FRIENDS and former colleagues say it is "ludicrous" to suggest that Starr, a former federal appeals court judge and former solicitor general of the United States (who argues the government's cases before the US Supreme Court), would engage in unethical, illegal, or improper behavior.
But others aren't so sure.
"I don't recognize him," says Abner Mikva, the former White House counsel and former chief judge at the US Court of Appeals for the District of Columbia where Starr was a judge from 1983 to 1989. "I've known him since the 1980s but this is not the person I knew at the court of appeals and as solicitor general, or even the person I dealt with when I was at the White House."
Mr. Mikva, now a law professor at the University of Chicago, says he is troubled by the special prosecutor's pursuit of sexual allegations against the president. "This is not what federal law-enforcement officers normally do," he says. "He is bottomfishing."
Friends and other supporters of Starr say any doubts about the independent counsel's motives or fairness will evaporate when his investigation is complete. They say his professionalism and impartiality will be obvious then.
"It is a common tactic of people under investigation to try to throw mud at the investigators. So those efforts have to be taken with a grain of salt," says John G. Roberts, who was Starr's deputy when he was solicitor general from 1989 to 1993.
Starr's credibility has been attacked by those who say his Republican credentials and long-time ties to several conservative organizations suggest he has a political ax to grind against the president. This allegation is bolstered by reports that his selection as independent counsel in 1994 by a special three-judge panel came shortly after two conservative Republican senators held a private discussion with one of the judges on the selection committee to lobby for Starr to get the job.
Starr has also been criticized for accepting a future post as a dean at Pepperdine University in California. The new position is funded in part by $1.1 million donated by Richard Mellon Scaife, a conservative billionaire who has underwritten several organizations whose primary purpose appears to be to attack and attempt to undermine the Clinton presidency.
The open-ended mandate of the independent counsel law has also been a focus of critics. According to neutral observers, Starr's investigation is taking too long. But because the grand jury process is by law secret the public has little idea what he is doing, and there are no checks or balances written into the law to ensure in mid-investigation that Starr's efforts are worth all the time and money being expended.
THERE are other costs of his investigation as well, such as the damage done to the nation of having a presidency operating under a perpetual cloud of suspicion.
"I wouldn't ever assume he is investigating something to prove something.

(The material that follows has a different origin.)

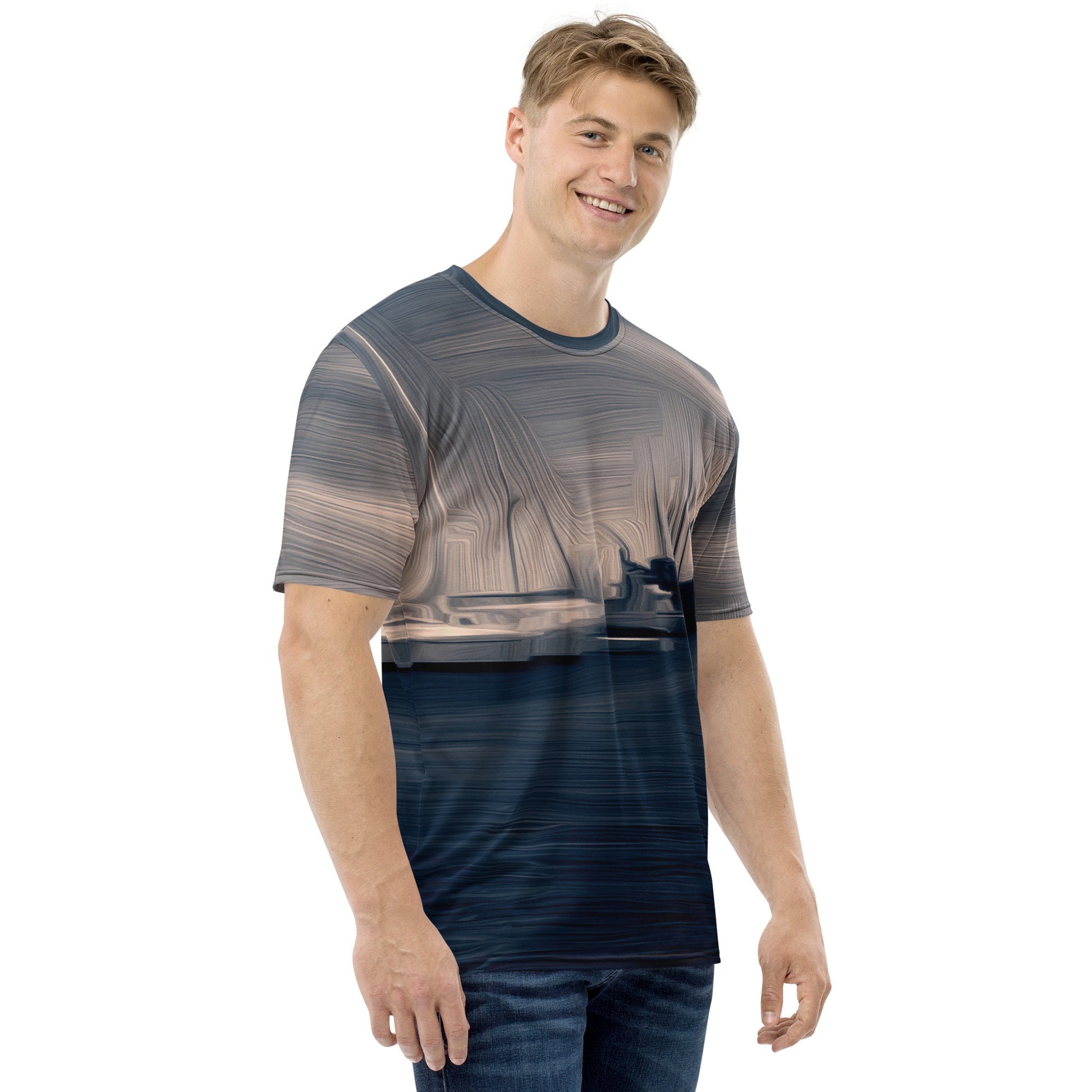 The Sleeping Yachts (at Sunrise) - Mens T-Shirt - iSAW Company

It is just as likely he is investigating something to disprove it," says Tex Lezar, a Dallas lawyer who served with Starr in the Justice Department in the early 1980s.

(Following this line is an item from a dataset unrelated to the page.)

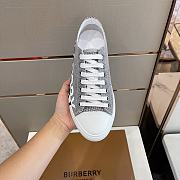 Burberry Logo Print Cotton Canvas Black/White - 4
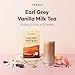 TEAZEN Earl Grey Vanilla Milk Tea Powder, Cylon Black Tea, Sweetened Instant Milk Tea Mix, On-the-go Packet (20 Packets, 10.58oz)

But that is little consolation to Democratic activists who fear the ever-expanding investigation will likely make it more difficult to elect Democrats to Congress later this year.

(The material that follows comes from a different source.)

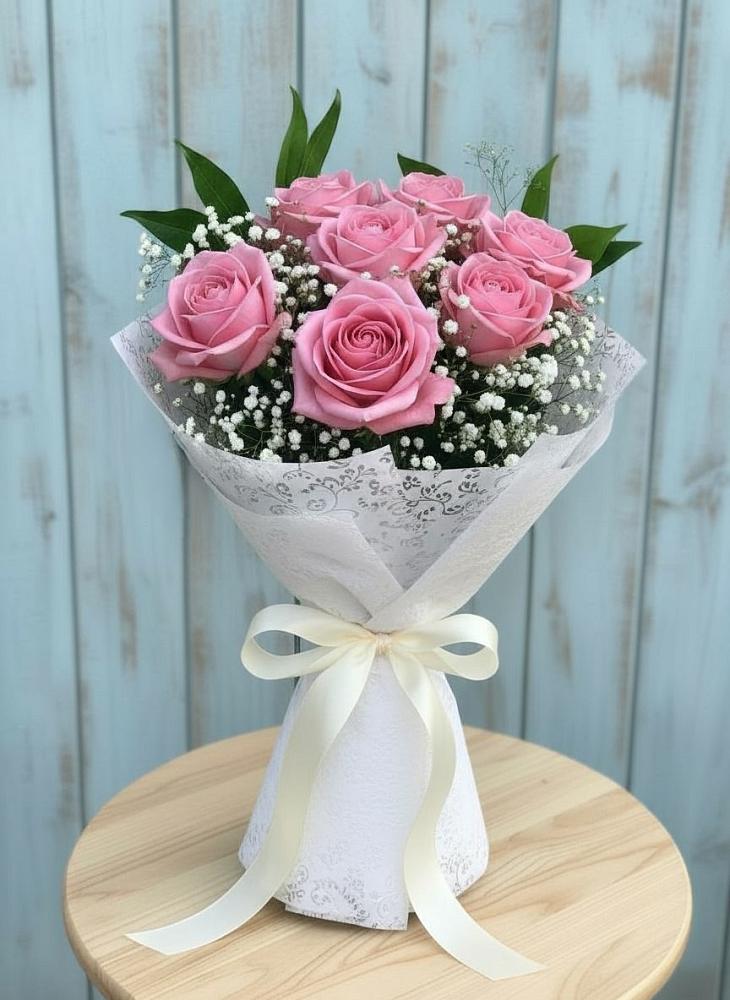 Букет цветов из: Розы в посёлок центральной усадьбы совхоза Синичино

Those who know Starr well say he will not be swayed by public criticism and attacks from either side. They say no matter how nasty the White House's anti-Starr campaign grows, he will not turn partisan and vindictive, as some Clinton supporters have suggested.
"If there is any justice out there, time will show him for what he is, an honest, straight-shooting guy," says Judge Kozinsky. But the judge quickly adds, "Whether there is any justice in Washington is, I think, an open question."
Loren Allen Smith, chief judge of US Claims Court in Washington dates his friendship with Starr from 1980. "He has a very strong moral sense," he says of Starr. "I think at a very deep level it affects the way he deals with people and views the world. He is just a person who I think is fundamentally decent."